### Instructions to follow
The material below is to be copied exactly from the line with "Kit Mini Trator" up to and including the line with "Avery 55-inch 2-Drawer", with nothing else kept and no pictures.
Dataset content section start
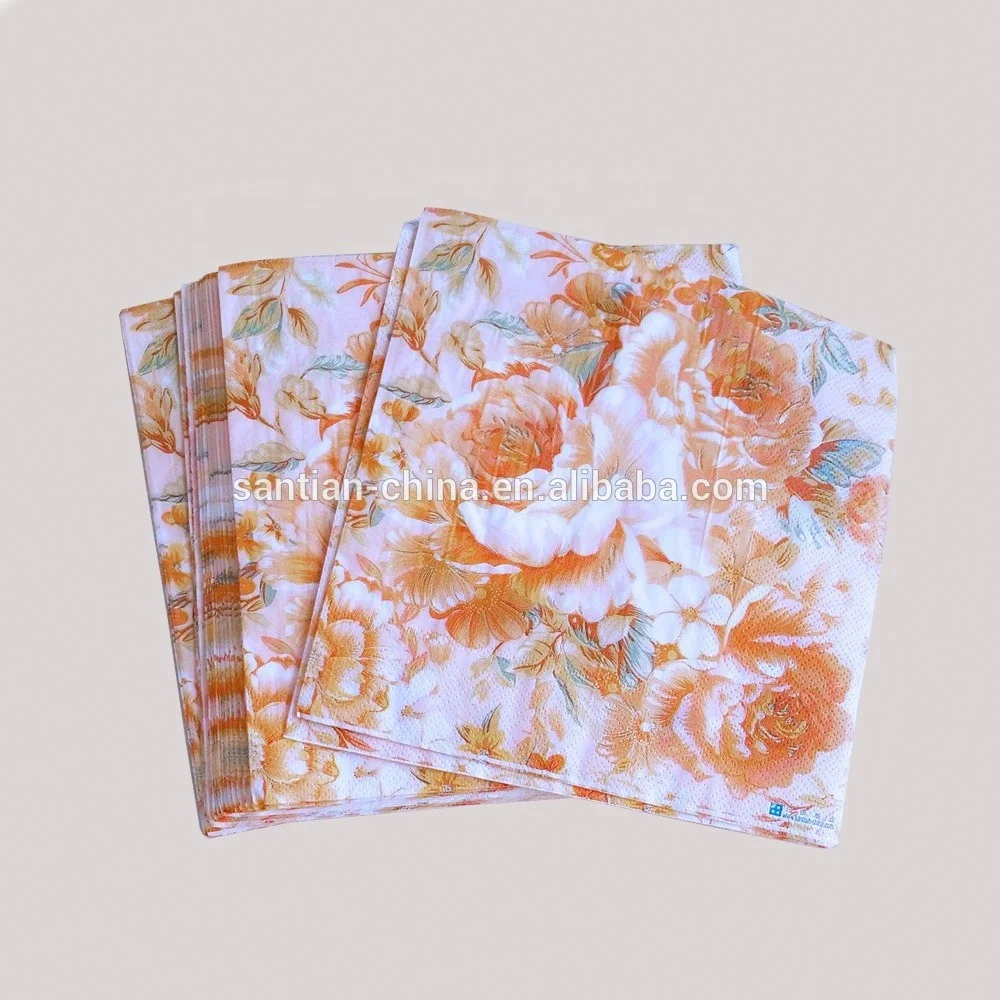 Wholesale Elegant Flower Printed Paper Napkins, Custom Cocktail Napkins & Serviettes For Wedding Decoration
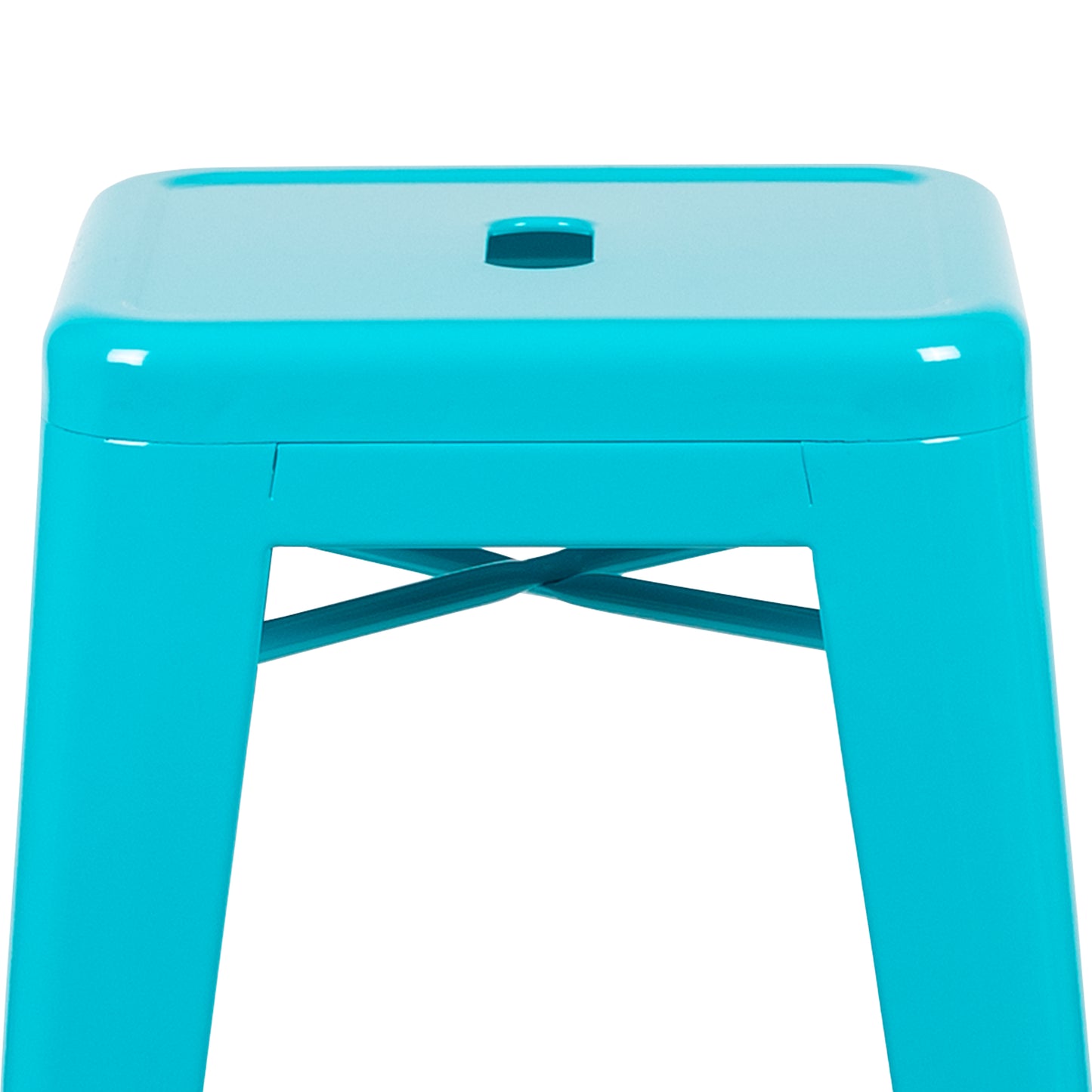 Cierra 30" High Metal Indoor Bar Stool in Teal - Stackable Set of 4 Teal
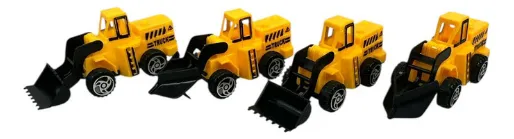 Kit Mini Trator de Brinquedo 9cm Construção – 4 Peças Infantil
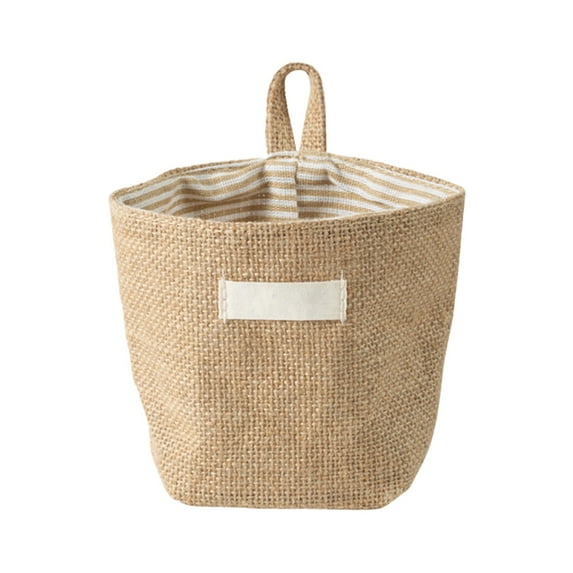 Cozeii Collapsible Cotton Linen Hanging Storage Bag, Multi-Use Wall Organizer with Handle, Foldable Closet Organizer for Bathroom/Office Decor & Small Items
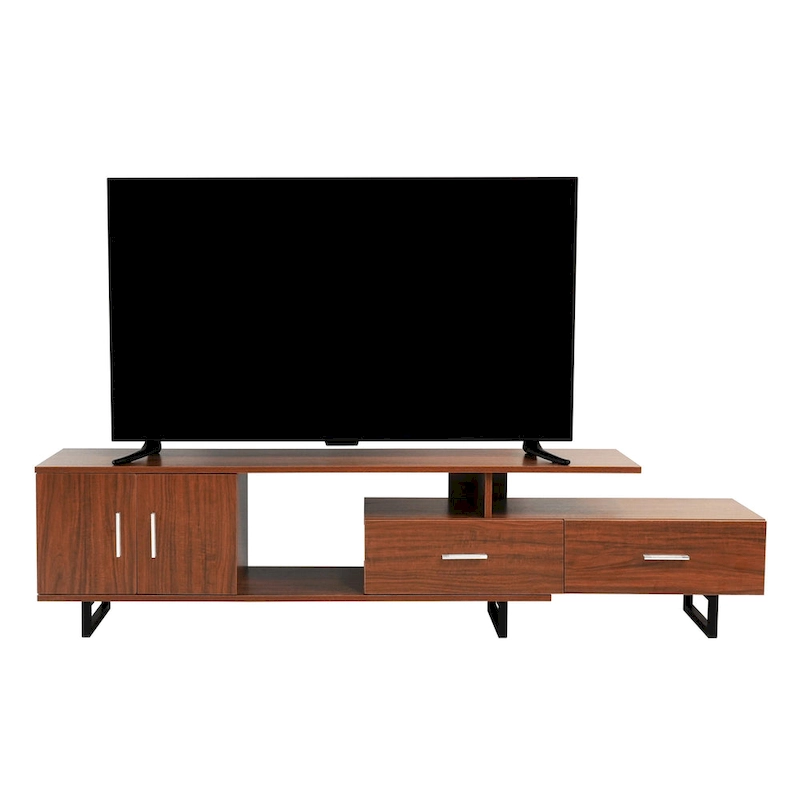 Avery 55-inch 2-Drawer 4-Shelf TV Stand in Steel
Dataset content section end
Dataset content section start
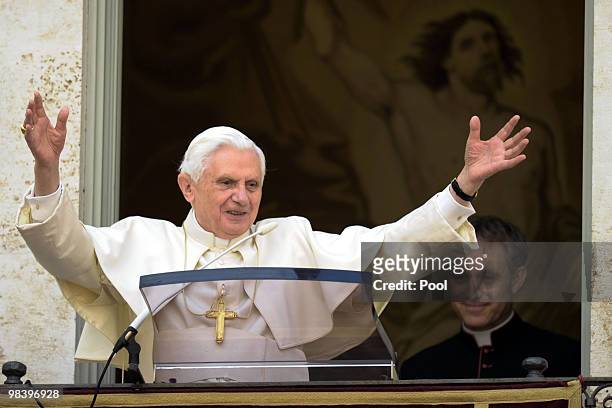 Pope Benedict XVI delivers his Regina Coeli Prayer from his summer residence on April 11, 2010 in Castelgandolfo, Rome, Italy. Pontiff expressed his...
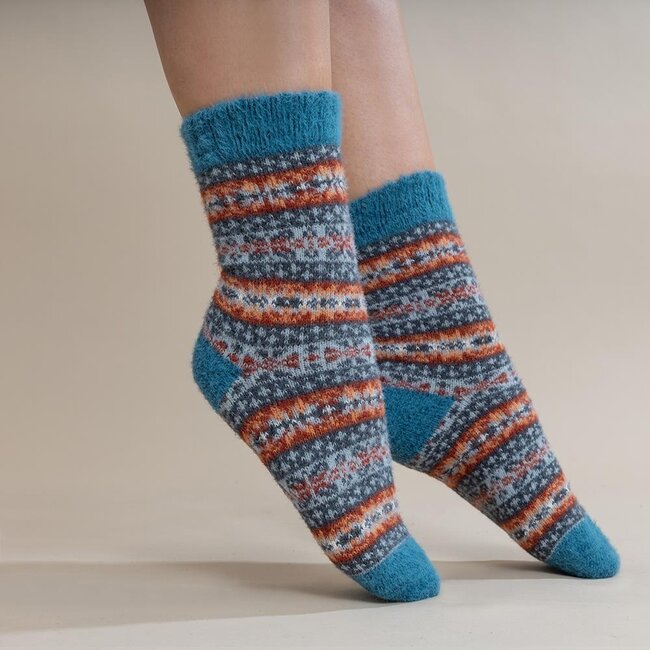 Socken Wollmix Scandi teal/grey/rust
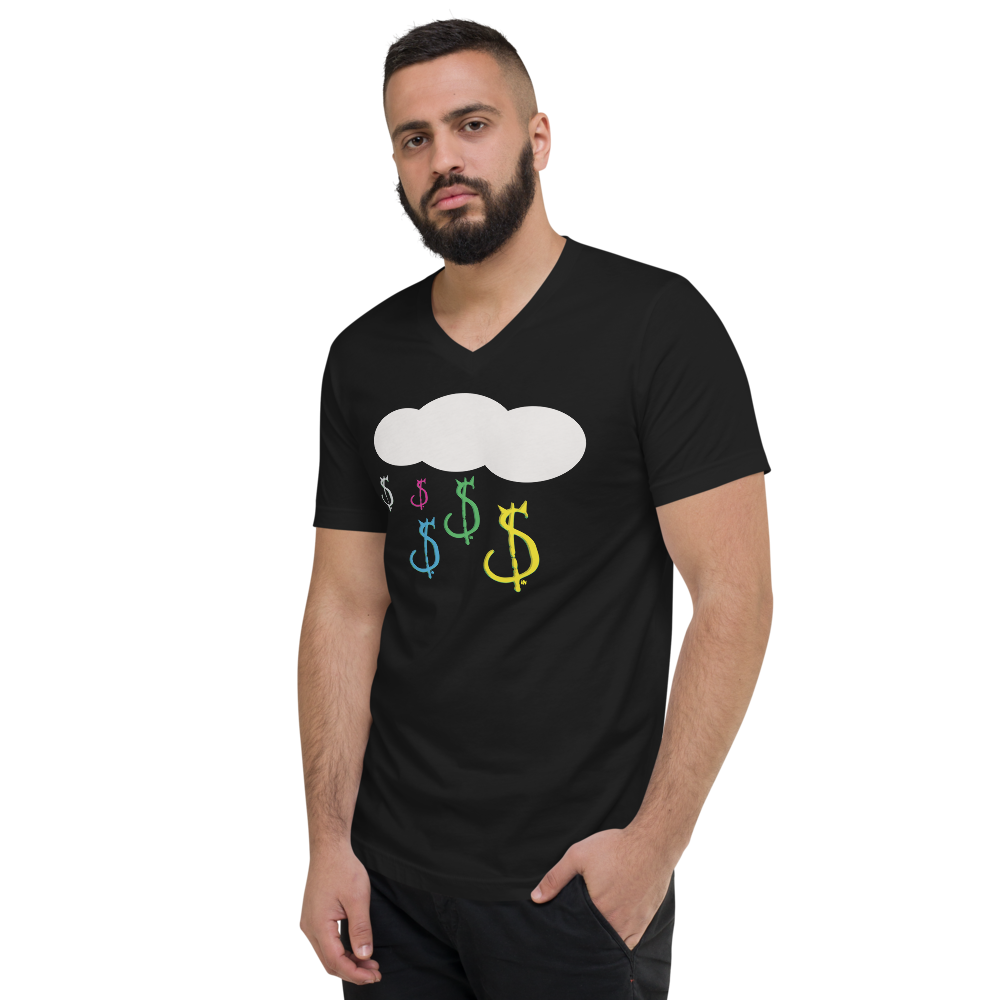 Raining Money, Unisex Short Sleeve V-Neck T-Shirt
Dataset content section end
### Output
 Kit Mini Trator de Brinquedo 9cm Construção – 4 Peças Infantil
 Cozeii Collapsible Cotton Linen Hanging Storage Bag, Multi-Use Wall Organizer with Handle, Foldable Closet Organizer for Bathroom/Office Decor & Small Items
 Avery 55-inch 2-Drawer 4-Shelf TV Stand in Steel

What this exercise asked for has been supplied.